El papel del Estado en una economía moderna debe ser el de regulador de los sectores económicos que intervienen en ella, creando leyes sensatas y consensuadas con los sectores intervinientes, y el de ejercer otras dos funciones fundamentales: la de árbitro en la resolución de los conflictos que puedan surgir, y el de cuidadoso vigilante en el fiel cumplimiento de las normas por parte de los diversos sectores económicos, sobre todo del financiero por su gran capacidad de influencia.
Pero
lo que nunca ha de ser el Estado –salvo muy limitadas excepciones estratégicas
de claro interés general- es empresario, pues no sabe serlo. Cada vez que un
estado se ha convertido en empresario, a medio plazo, ha terminado arrastrando
a los ciudadanos de su país a la pobreza.
Por
otro lado, es necesario saber que los estados no crean ni riqueza ni empleo.
Cuando contratan funcionarios no están creando empleo, están creando gasto. La
razón por la que esto es así –volvemos a la Fórmula- es porque la mayor parte
de los funcionarios realizan actividades que no han nacido de ninguna demanda
natural de los ciudadanos, sino de la decisión de los políticos que ostentan el
poder en ese momento. Es decir, no están produciendo nada que haya sido
solicitado o demandado por la comunidad.
Es
indudable que para que el Estado pueda ofrecer a la sociedad los servicios para
los que existe –seguridad, obras publica, justicia, etc.- debe cobrar impuestos
a los ciudadanos y crear funcionarios para ejecutar estas obligaciones. Pero
debe hacerlo con gran prudencia, pues el aumento de funcionarios en las administraciones
públicas tiene la inevitable consecuencia de aumento de gasto burocrático, y
con ello la obligación de tener que subir los impuestos, lo que lleva a la
disminución de demanda porque hay menos dinero disponible para los ciudadanos,
y, por tanto, estaríamos ante un previsible aumento de desempleo a medio plazo.
No
obstante, en las filosofías políticas presentes, no es aceptable que una parte
de la sociedad viva en la miseria, por ello los estados actuales, a la hora de
gastar el dinero recibido de los ciudadanos por medio de los impuestos, deben
prever partidas de gasto para ayudar a los más débiles. Pero también han de
gestionarlo con mucha prudencia, porque si el número de necesitados de ayudas
va creciendo, el estado se dedicará a aumentar los gastos para atenderlos –y de
camino no perder sus votos-, y sólo lo puede hacer aumentando los impuestos, o
endeudándose, lo que creará más miseria, cayendo en un círculo económico
perverso que no tiene otro final que la ruina de todos.
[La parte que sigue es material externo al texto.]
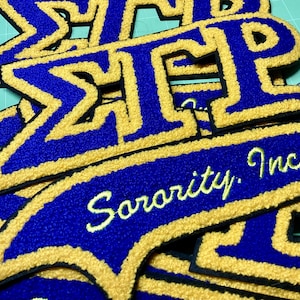 May include: Close-up of several blue and gold embroidered patches. The patches feature Greek letters and the words "Sorority, Inc." in a script font. The patches have a felt-like texture and a black border.
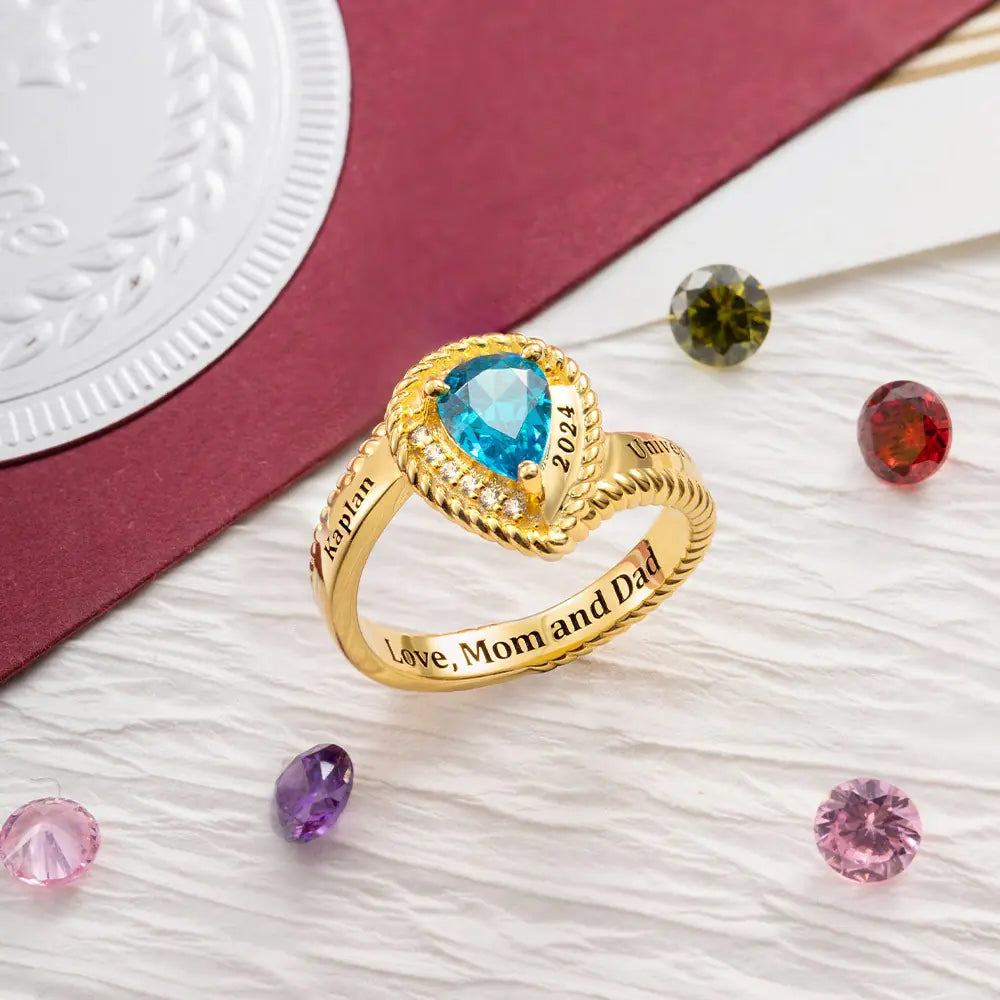 Custom gold class ring with blue birthstone and engraved message “Love, Mom and Dad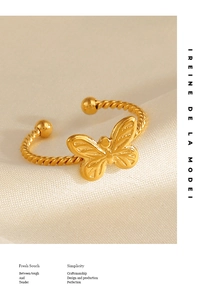Detailed close-up of 18K gold plated butterfly ring with twisted rope band design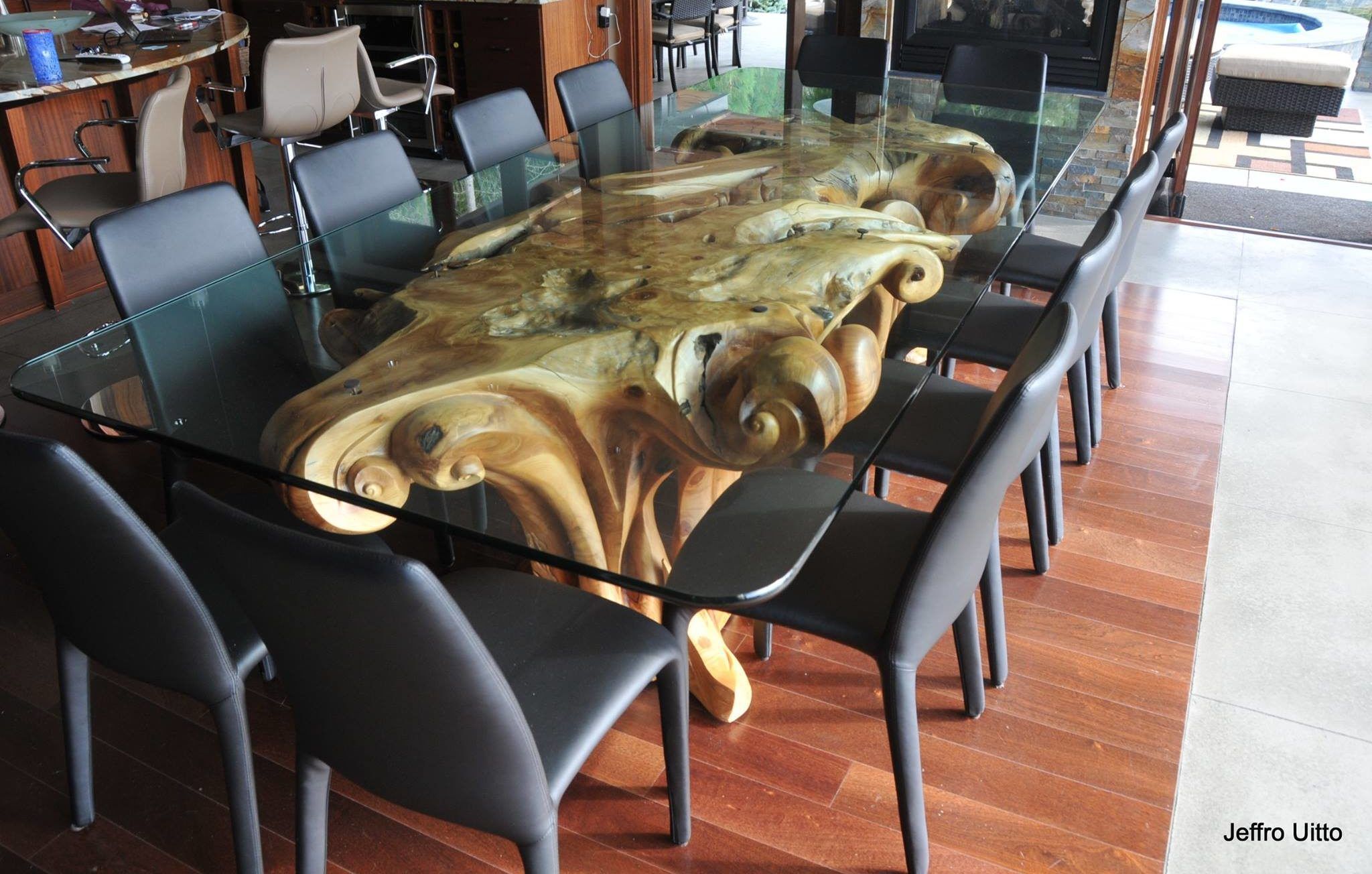 Dining room table made of intertwining tree stumps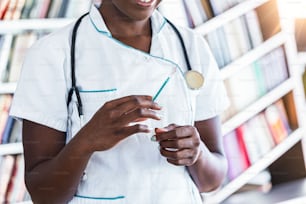 Medication nurse wearing white scrubs get a needle or shot ready for an injection. Black Female doctor with vial and syringe in hospital. Vaccination day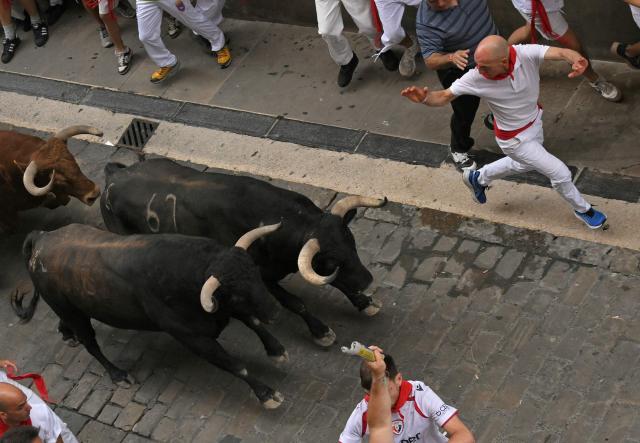 Participants run ahead of bulls during the fourth running of the bulls of the San Fermin festival in Pamplona, northern Spain, on July 10, 2026. Thousands of people every year attend the week-long festival and its famous 'encierros', or running of the bulls, in which six bulls are released at 8:00 a.m. evey day to run from their corral to the bullring through the narrow streets of the old town over an 850 meters (yards) course while runners ahead of them try to stay close to the bulls without falling over or being gored. (Photo by JORGE GUERRERO / AFP)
Los estados deben
cuidar que el peso de las clases pasivas no hunda a las activas, que son las
que mantienen la economía en marcha.
Realmente la mejor forma en que los estados
pueden ayudar a los más débiles es colaborando en crear trabajo, y como mejor
puede hacer esto es no dificultando la creación de empresas y alentando a los
emprendedores. Eso lo consigue aportando estabilidad social, reglas de juego
sensatas y consensuadas, y seguridad jurídica.